++++ Entries shown

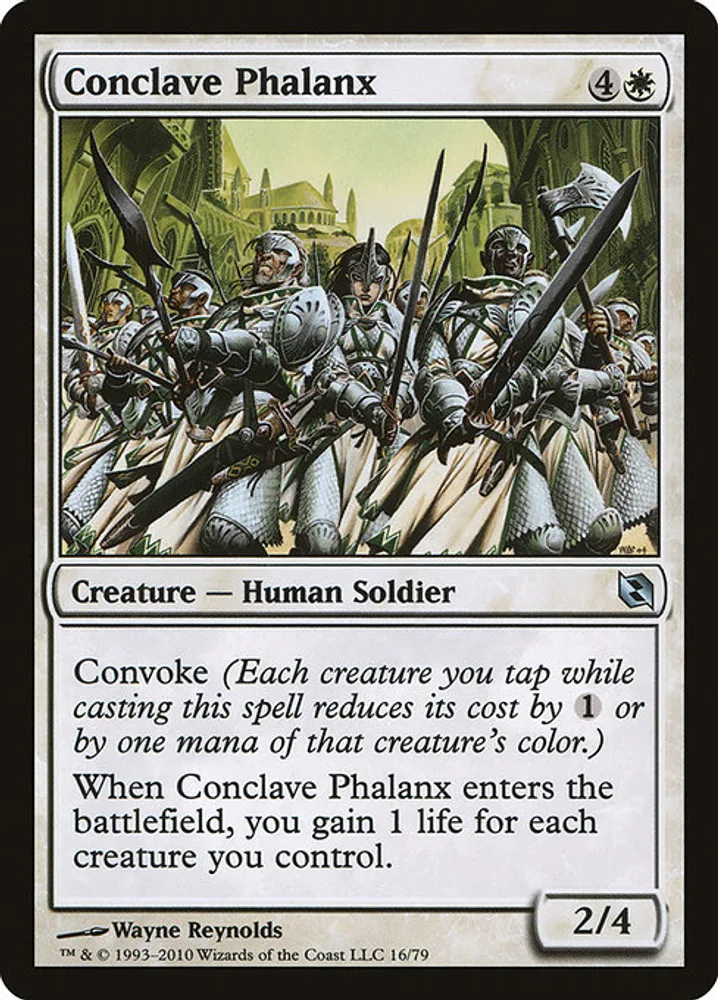 Conclave Phalanx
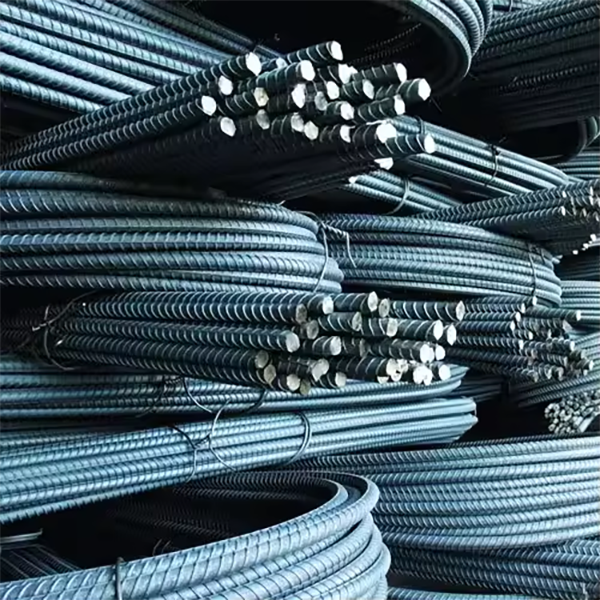 Straight thread steel HRB400 diameter 20MM Wholesale factory direct sales of construction steel bars
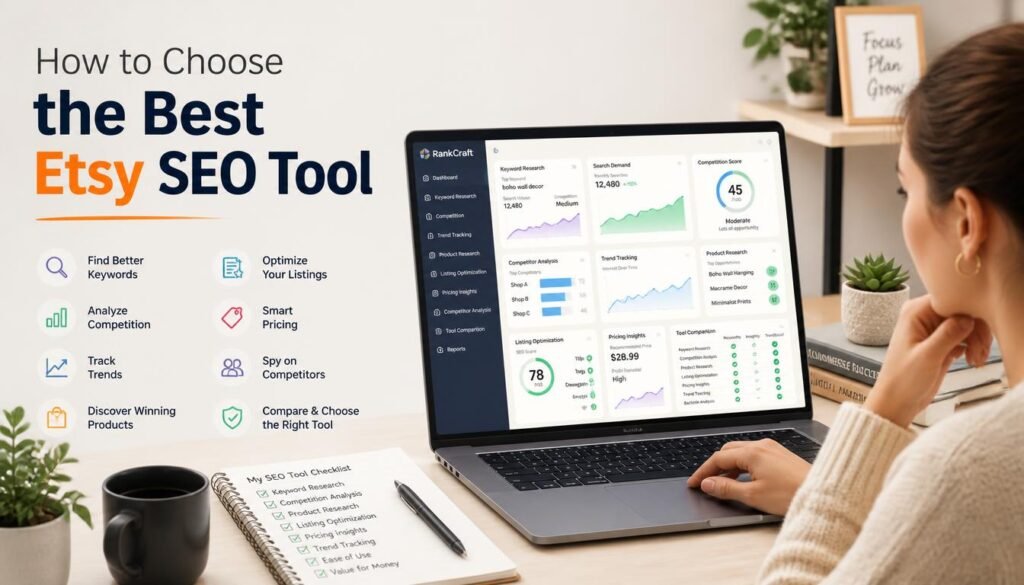 How To Choose The Best Etsy SEO Tool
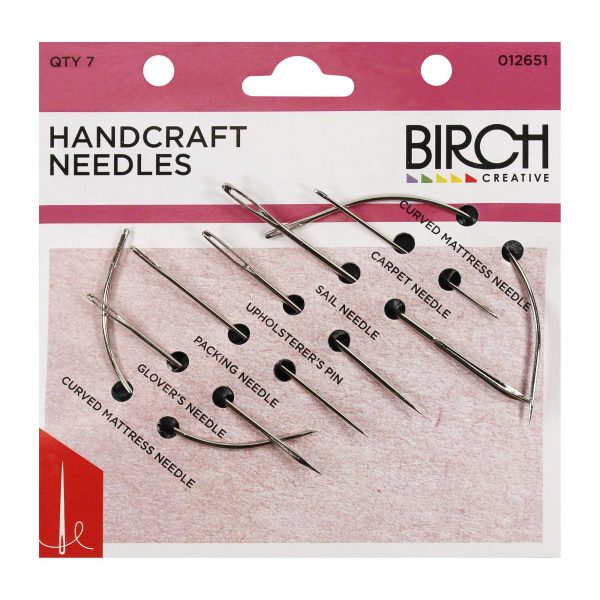 Birch Handcraft Needles PK 7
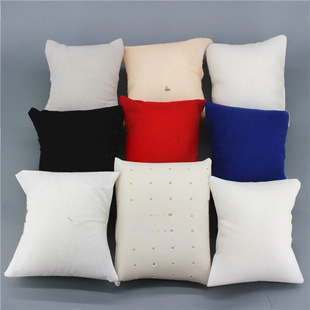 Watch Pillow, Small Pillow, Cotton Pillow Holder, Watch Display Pillow, Fixed Pillow Inner Support, Pillow Core Leather Sponge
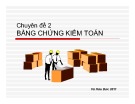 Bài giảng Kiểm toán 2: Chuyên đề 2 - PGS.TS. Vũ Hữu Đức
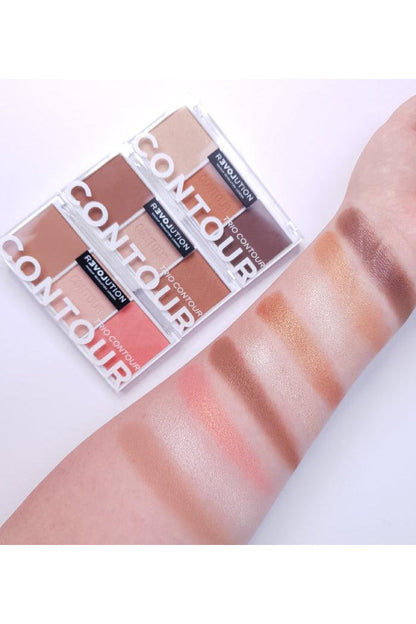 Buy Revolution Relove Colour Play Contour Trio Palette in Pakistan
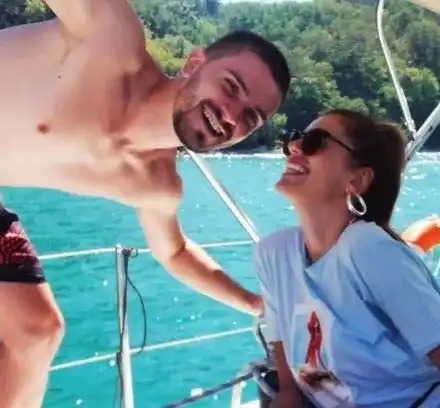 Мъжът на Михаела Филева я глези с манджи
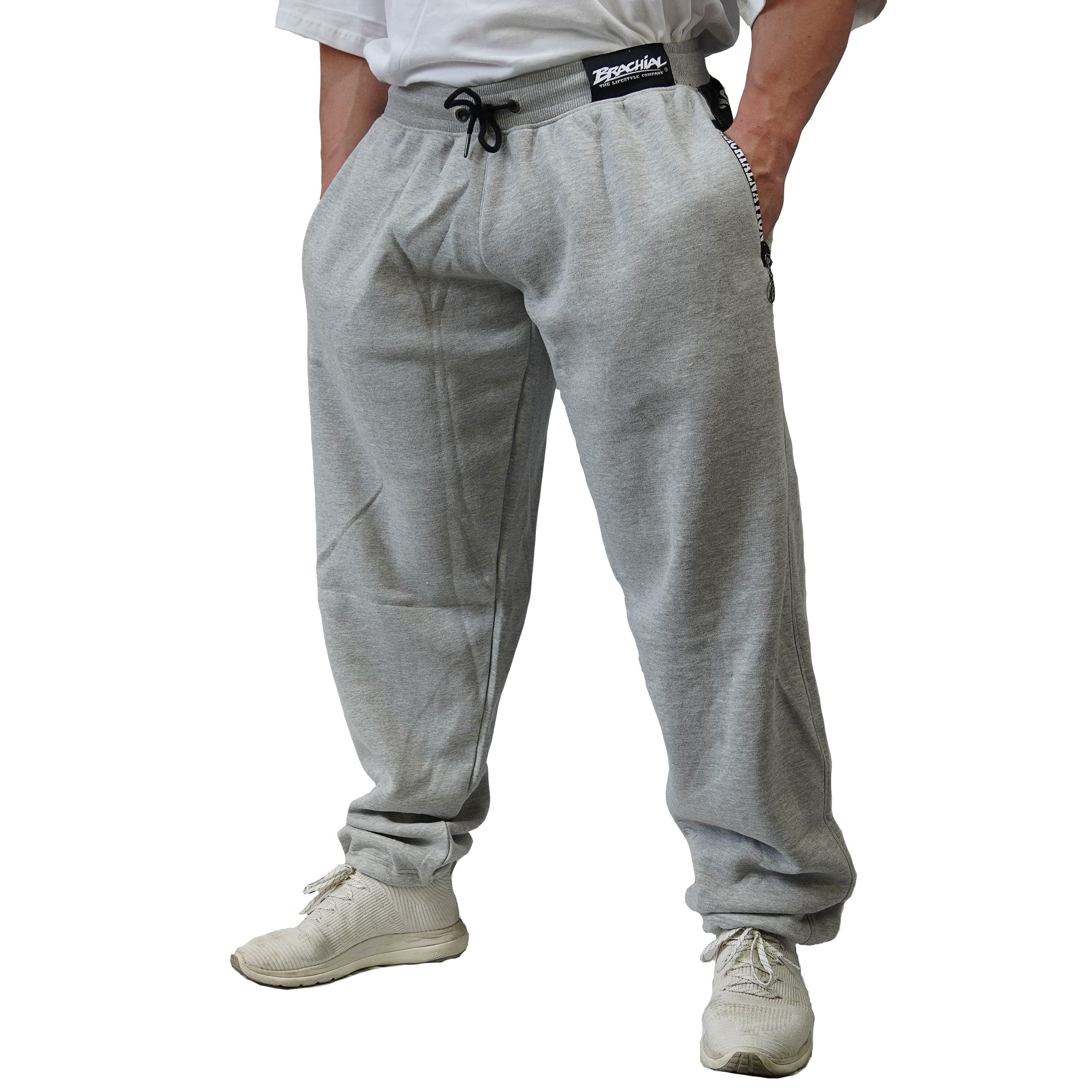 Sporthose Brachial Sporthose "Rude" graumeliert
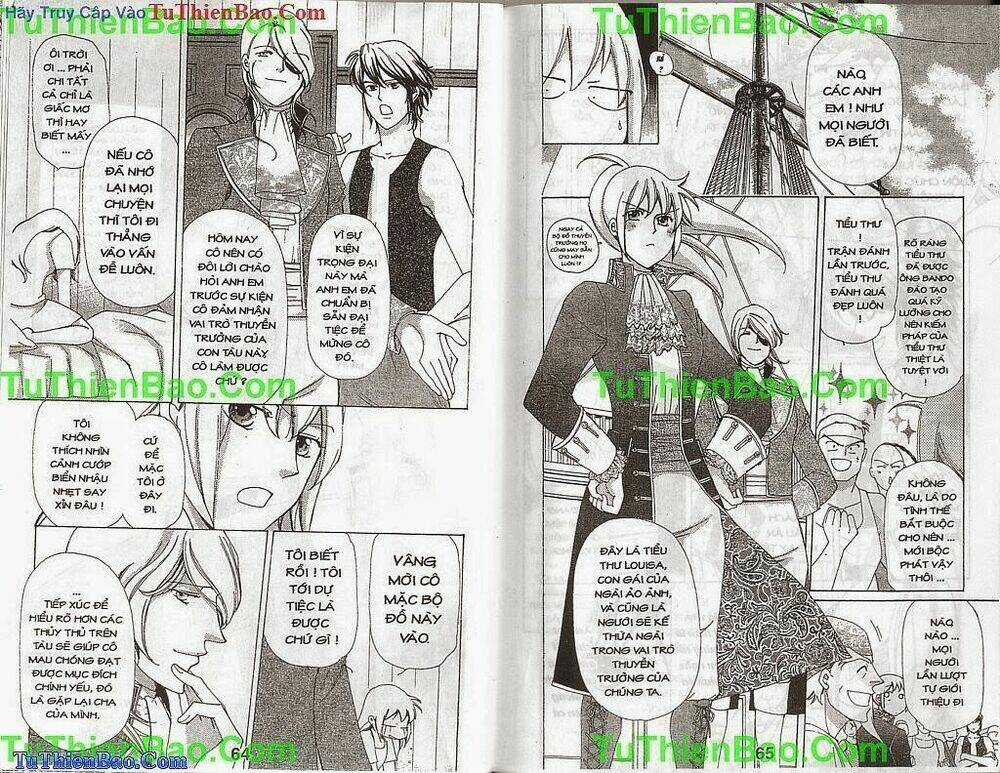 Bông Hoa Cướp Biển - Chapter 1 - Trang 34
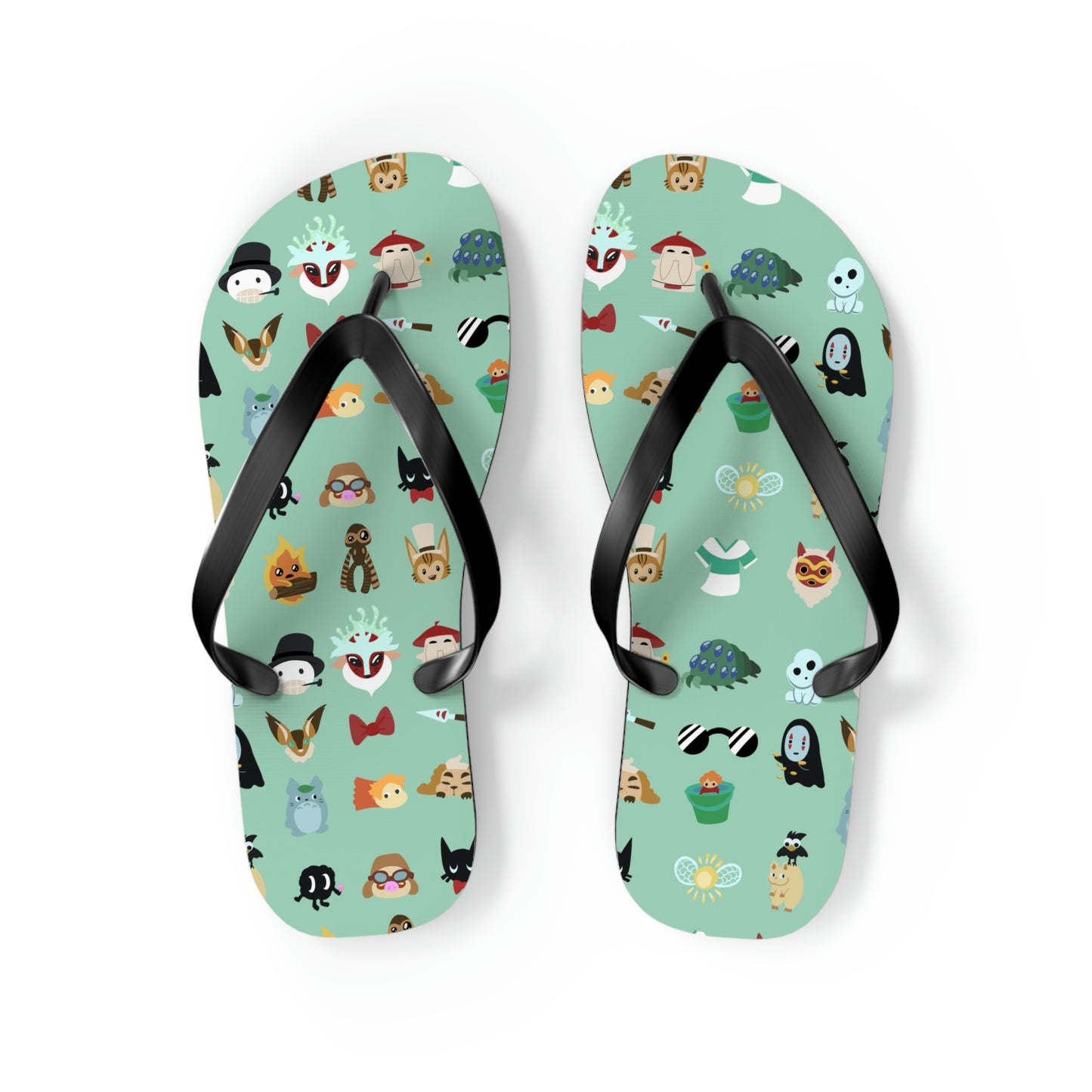 Pop Culture Flip Flops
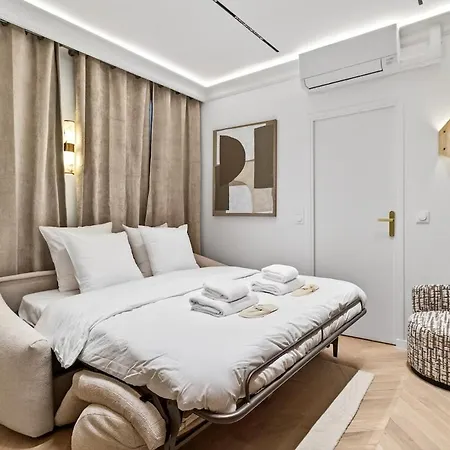 New 6 People - Saint Germain Notre-dame#ac 아파트 파리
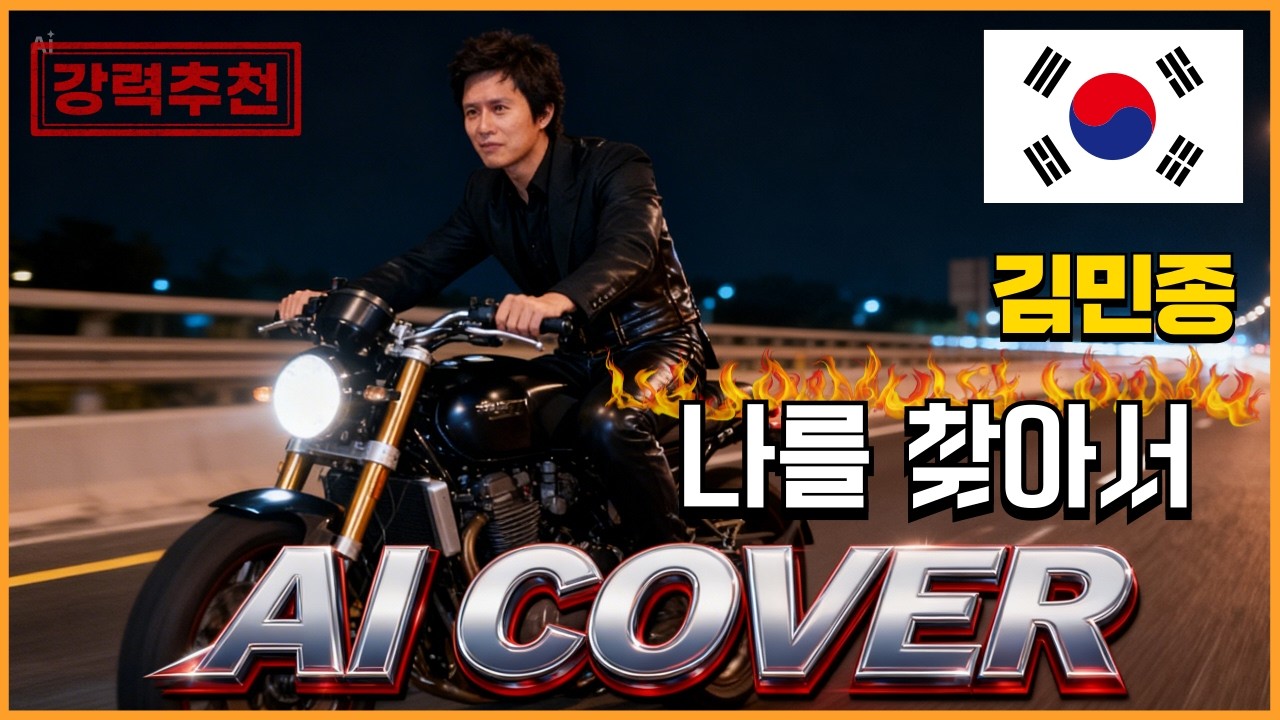 김민종 - 나를 찾아서 (Power Metal Ver.) | 폭발적인 질주감으로 재탄생한 90년대 명곡 🔥 [AI COVER]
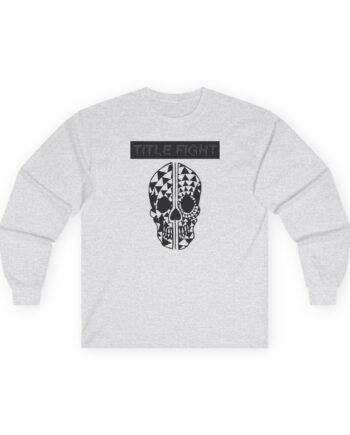 Title Fight Split Skull Unisex Ultra Cotton Long Sleeve Tee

++++++++

• _What is required_:
Find the line holding "New 6 People" in the data above. Retype it and every later line exactly, through the end, but not the pictures.

• _Exercise solution_:
 New 6 People - Saint Germain Notre-dame#ac 아파트 파리
 김민종 - 나를 찾아서 (Power Metal Ver.) | 폭발적인 질주감으로 재탄생한 90년대 명곡 🔥 [AI COVER]
 Title Fight Split Skull Unisex Ultra Cotton Long Sleeve Tee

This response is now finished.